## Your assignment:
Counting from the line that holds "NWT Size 20", return each line exactly, through and including the last line of the entries.

## Data listing:

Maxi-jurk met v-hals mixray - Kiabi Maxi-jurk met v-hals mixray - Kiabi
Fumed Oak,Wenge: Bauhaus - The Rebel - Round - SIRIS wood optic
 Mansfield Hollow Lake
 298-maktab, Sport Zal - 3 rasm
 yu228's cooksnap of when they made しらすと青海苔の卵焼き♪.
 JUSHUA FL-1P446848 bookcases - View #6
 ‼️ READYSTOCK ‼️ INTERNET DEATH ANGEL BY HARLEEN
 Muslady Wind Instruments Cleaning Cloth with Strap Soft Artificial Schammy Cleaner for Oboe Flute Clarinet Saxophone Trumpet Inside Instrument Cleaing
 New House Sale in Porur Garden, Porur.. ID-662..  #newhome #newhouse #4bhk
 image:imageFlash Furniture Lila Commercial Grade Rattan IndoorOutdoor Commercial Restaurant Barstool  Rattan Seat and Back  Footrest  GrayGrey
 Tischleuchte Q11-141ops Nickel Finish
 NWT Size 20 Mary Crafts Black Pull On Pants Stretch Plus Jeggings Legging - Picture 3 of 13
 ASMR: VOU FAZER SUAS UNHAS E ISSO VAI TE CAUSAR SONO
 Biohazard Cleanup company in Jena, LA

## Task output:
 NWT Size 20 Mary Crafts Black Pull On Pants Stretch Plus Jeggings Legging - Picture 3 of 13
 ASMR: VOU FAZER SUAS UNHAS E ISSO VAI TE CAUSAR SONO
 Biohazard Cleanup company in Jena, LA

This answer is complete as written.